The boys woke up late. The run through Tokyo had exhausted us all, and the promise of a few relaxing days in Hakone were too much to bear. They slept in like crazy while I sat on the veranda and sipped tea, the light slowly filtering into the sky through the clouds. Part of me panicked as 7 came, then 8, and still no one was awake. We have things to do! Mountains to see! Black eggs to eat! This trip will take literally all day! Get them out of bed! But I let them sleep. They deserved it.
Around 9, everyone slowly woke, and slowly dressed, and slowly assembled for breakfast. We hadn’t purchased breakfasts with our stay, but there was a little café on the hotel grounds that was supposed to be good, so we all went down there to munch on toast and omelets and pancakes and sip tea and coffee. A perfectly American breakfast except for the Japanese instance upon a salad (yes, the lettuce and tomatoes variety) that was honestly a nice addition to the meal. Tummies full and legs still aching from Tokyo, we backtracked our way to the station.
On the way, we lingered to take photos of things we’d missed in the darkness the previous night: small waterfalls in the river; a heron fishing for breakfast; house upon house upon house of dark, cypress stacked as close as cards in a deck; several hotels; the ubiquitous vending machines. The shops were much busier this morning, selling snacks and trinkets. We wove through the crowds, trying to ignore the beautiful little souvenirs that made our hearts ache with desire, until we reached the station.
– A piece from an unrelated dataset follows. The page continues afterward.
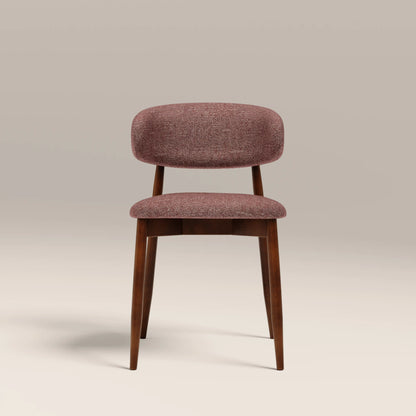 Halston Wooden Dining Chair | Speckled Berry Red Boucle & Walnut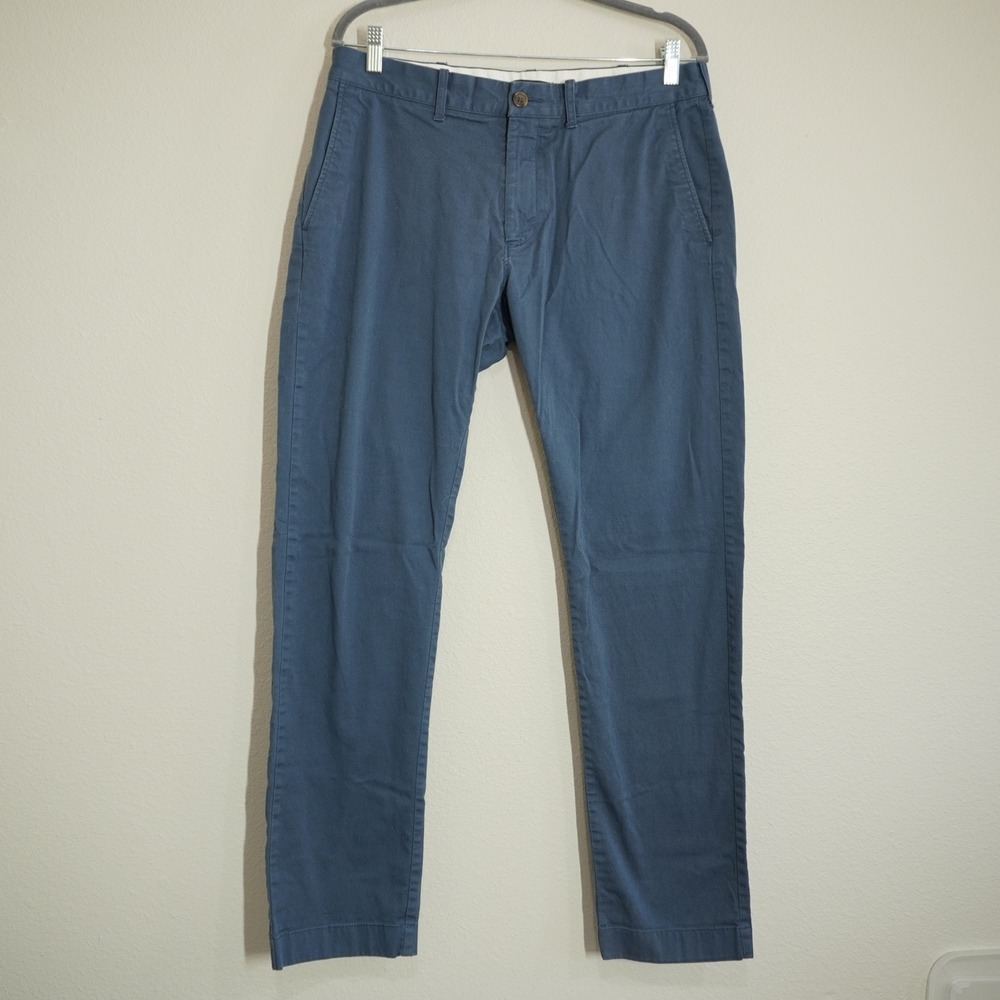 J. Crew 32x32 Chino Pants Navy Blue Flex Straight Leg Business Casual Office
We pulled out of Hakone-Yumoto at about 11 a.m.; honestly, quite a late start. The trip to Gora, where we would switch to a cablecar, was uneventful, but beautiful. The forest over the mountains seemed thick and impenetrable, making even the Meiji Shrine forest seem open and airy by comparison. Tiny shrines and houses dotted the rolling hills and peeked from between the trees. One neglected shrine leaned back into the hills, the forest beginning to overcome it, seeming to call with its last breath for someone—anyone!—to stop and worship there. Alas, hardly anyone alit from the train. Indeed, the train only got more and more packed. We left the shrine behind us, moldering in the woods.
We switched to a cablecar at Gora, moving further into the mountains, before we arrived at Sounzan, where a cablecar waited to take us (and about a million other toursits) to Owakudani. Thank goodness for ropeways, which only allow as many people as there are seats for! We took our seats, the attendant closed the door, the car lurched forward, and in ten feet the earth fell out from under us as our weight sank onto the cable that pulled us up through the heavens into the spaces between the mountains. The ground shrunk beneath us, and the sky grew. Ahead, the crest of a mountain.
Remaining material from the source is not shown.